*What needs to be done*: Output only an exact transcription of the line containing "甲状腺乳头状癌个案护理病例书写讲解医疗PPT_第15页" and all lines that follow it in the data below.

*Exercise data*:
┏━━

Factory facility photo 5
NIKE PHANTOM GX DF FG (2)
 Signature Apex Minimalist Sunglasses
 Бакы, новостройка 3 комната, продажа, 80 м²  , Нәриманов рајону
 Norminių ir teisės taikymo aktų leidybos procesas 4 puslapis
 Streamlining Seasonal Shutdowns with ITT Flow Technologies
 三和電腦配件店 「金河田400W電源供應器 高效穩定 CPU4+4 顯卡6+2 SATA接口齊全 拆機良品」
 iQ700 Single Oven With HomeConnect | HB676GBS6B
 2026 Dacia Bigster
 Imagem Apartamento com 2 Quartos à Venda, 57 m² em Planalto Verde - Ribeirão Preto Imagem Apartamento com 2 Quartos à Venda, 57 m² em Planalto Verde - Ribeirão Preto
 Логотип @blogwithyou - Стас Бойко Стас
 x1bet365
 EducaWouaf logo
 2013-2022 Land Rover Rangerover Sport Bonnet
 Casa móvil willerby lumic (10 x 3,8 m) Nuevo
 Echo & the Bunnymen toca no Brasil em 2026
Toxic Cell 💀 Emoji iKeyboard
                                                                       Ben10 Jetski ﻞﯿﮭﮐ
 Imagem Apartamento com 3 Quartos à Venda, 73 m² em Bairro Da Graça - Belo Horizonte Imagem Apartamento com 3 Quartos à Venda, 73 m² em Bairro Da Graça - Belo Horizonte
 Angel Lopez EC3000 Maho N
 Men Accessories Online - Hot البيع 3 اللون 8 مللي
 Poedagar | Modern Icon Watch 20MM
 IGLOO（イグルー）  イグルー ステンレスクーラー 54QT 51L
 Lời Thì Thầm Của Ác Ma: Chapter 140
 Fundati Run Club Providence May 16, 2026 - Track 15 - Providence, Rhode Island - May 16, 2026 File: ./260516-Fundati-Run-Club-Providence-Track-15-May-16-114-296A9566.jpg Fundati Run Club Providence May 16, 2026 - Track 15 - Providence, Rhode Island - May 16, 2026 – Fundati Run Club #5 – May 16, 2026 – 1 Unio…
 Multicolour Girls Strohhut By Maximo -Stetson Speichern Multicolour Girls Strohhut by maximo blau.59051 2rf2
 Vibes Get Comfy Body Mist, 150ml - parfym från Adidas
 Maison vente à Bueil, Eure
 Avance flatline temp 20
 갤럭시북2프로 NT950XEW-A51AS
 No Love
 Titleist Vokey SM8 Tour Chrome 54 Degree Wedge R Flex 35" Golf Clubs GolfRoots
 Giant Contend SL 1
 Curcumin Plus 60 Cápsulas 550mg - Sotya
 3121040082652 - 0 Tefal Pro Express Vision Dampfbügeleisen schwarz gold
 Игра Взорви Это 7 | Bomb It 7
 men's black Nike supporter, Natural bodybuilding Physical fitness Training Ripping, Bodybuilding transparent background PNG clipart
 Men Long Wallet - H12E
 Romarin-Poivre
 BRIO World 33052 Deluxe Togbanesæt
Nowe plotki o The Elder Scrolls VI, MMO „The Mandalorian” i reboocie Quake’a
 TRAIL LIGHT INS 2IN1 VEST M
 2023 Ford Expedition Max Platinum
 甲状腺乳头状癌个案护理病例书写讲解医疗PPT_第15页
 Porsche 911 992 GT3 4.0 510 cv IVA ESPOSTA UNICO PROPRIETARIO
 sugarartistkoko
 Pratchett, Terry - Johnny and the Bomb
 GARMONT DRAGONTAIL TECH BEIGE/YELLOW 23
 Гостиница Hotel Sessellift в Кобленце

┗━━

*Exercise response*:
 甲状腺乳头状癌个案护理病例书写讲解医疗PPT_第15页
 Porsche 911 992 GT3 4.0 510 cv IVA ESPOSTA UNICO PROPRIETARIO
 sugarartistkoko
 Pratchett, Terry - Johnny and the Bomb
 GARMONT DRAGONTAIL TECH BEIGE/YELLOW 23
 Гостиница Hotel Sessellift в Кобленце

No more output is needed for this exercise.